• [WHAT YOU HAVE TO DO]
When you reach the line containing "Harry Potter Hogwarts" in the records below, start copying exactly, and stop once you have copied the line containing "Industry of All Nations Comfort Sweater".

(Beginning of SOURCE MATERIAL)

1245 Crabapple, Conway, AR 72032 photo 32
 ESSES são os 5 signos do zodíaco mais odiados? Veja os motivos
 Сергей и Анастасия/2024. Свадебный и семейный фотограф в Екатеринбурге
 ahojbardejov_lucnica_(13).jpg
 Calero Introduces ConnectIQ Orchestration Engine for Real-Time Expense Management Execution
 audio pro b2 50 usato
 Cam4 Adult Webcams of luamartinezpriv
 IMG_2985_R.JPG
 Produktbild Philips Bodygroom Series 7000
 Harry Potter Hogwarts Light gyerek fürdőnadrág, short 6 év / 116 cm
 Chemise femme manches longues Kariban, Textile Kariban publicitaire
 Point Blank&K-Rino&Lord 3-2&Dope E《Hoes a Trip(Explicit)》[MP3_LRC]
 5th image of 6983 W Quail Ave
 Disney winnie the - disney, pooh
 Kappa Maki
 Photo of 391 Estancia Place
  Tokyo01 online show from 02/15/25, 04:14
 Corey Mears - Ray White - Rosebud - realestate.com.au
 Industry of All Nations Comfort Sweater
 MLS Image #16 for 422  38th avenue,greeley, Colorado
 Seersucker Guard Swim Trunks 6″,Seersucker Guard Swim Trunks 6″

(End of SOURCE MATERIAL)

• [EXERCISE RESULT]
 Harry Potter Hogwarts Light gyerek fürdőnadrág, short 6 év / 116 cm
 Chemise femme manches longues Kariban, Textile Kariban publicitaire
 Point Blank&K-Rino&Lord 3-2&Dope E《Hoes a Trip(Explicit)》[MP3_LRC]
 5th image of 6983 W Quail Ave
 Disney winnie the - disney, pooh
 Kappa Maki
 Photo of 391 Estancia Place
  Tokyo01 online show from 02/15/25, 04:14
 Corey Mears - Ray White - Rosebud - realestate.com.au
 Industry of All Nations Comfort Sweater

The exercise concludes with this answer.